SÃO PAULO — É indiscutível que há um quê de Collor no comportamento de FHC.
A foto em São João do Jaguaribe (CE) —dedo em riste, músculos contraídos, o grito incontido— e o discurso carregado de chavões evocam imediatamente a estudada indignação que Collor se utilizava para rotular, discriminar e espezinhar a oposição.
Aos poucos, o novo presidente vai se confundindo com o passado. O gesto ostensivamente viril de sexta-feira no sertão do Ceará remete para o Collor da campanha de 89, em Niterói, e para o Quércia dos outdoors de 94.

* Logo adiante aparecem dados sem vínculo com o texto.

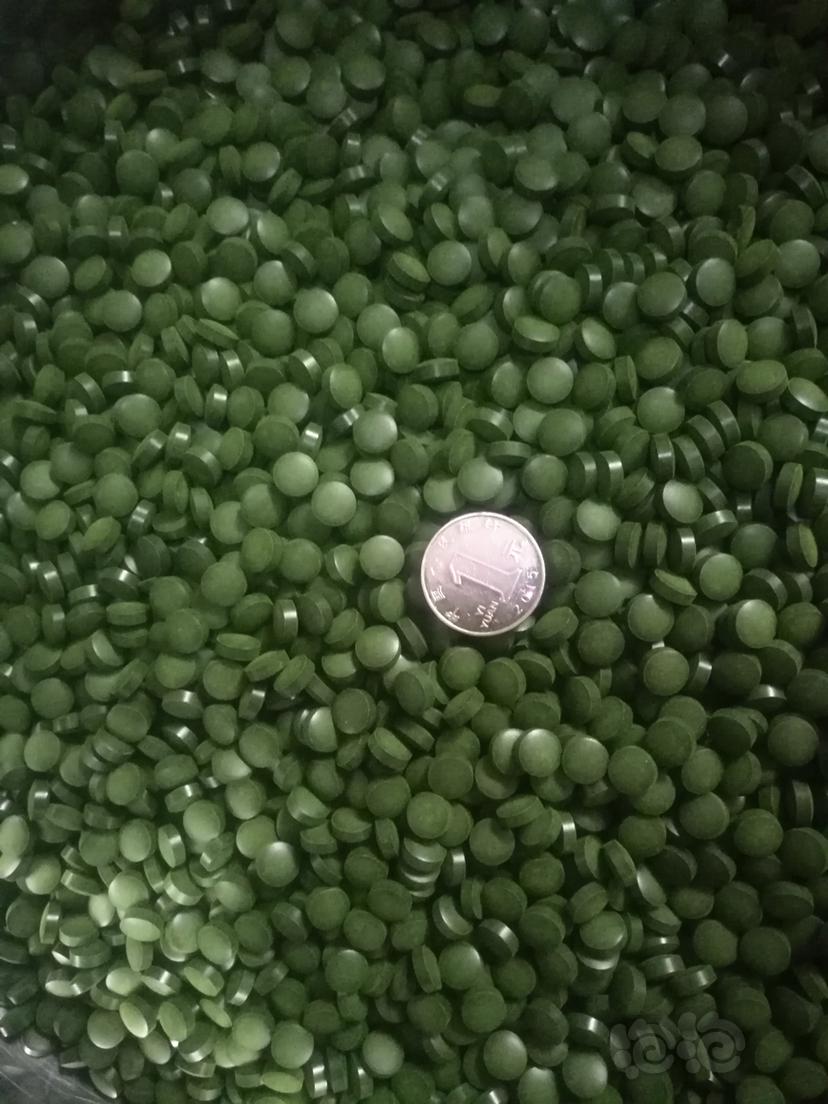 小球藻！小球藻！全网最低工厂批发的小球藻！月底了，把次数用完它！-图1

Os discursos também se assemelham, demagógicos, adjetivados, genéricos. Os inimigos, nunca claramente identificados, são os de sempre, fantasmas sem rostos: os "gatos pingados", os "bobos", as "pouquinhas (pessoas)" que perturbam a "maioria esmagadora que apóia o governo", os "impostores", a "vanguarda do atraso", os "exploradores de sempre", a "minoria privilegiada", a "falsa esquerda" que se aliou a especuladores da Bolsa, a "velha direita carcomida".
E aí, mais uma vez, passado e presente inesperadamente se confundem. Lá está Collor gravemente ofendido, não discernindo entre a direita que promete deixar indignada e a esquerda fadada a ficar perplexa.
Nenhum deles, nos instantes de cólera, consegue esconder o desconforto dos que estão acuados. São incapazes de reconhecer os próprios erros e de conviver com as inevitáveis divergências. Passam a denunciar complôs das "minorias" contra o governo.
O governo imaginou, em algum momento de delírio, que governaria com o consenso. Chegou a ter cacife —acumulado com a estabilidade da moeda, a vitória no primeiro turno e a imagem de estadista que contrastava com a de Collor e a de Itamar— para impor ao país não apenas novos usos e costumes, mas reformas profundas.
Mas não está conseguindo. Talvez por inexperiência, talvez por excesso de arrogância, talvez por um tanto de incompetência. Os problemas surgiram —e fatalmente surgiriam— e este governo que parecia sereno, civilizado, sorbonnizado, perdeu a compostura.
Não parece suficientemente maduro para gerenciar as tensões e resistências que estão brotando. Aliás, várias delas criadas por ele próprio.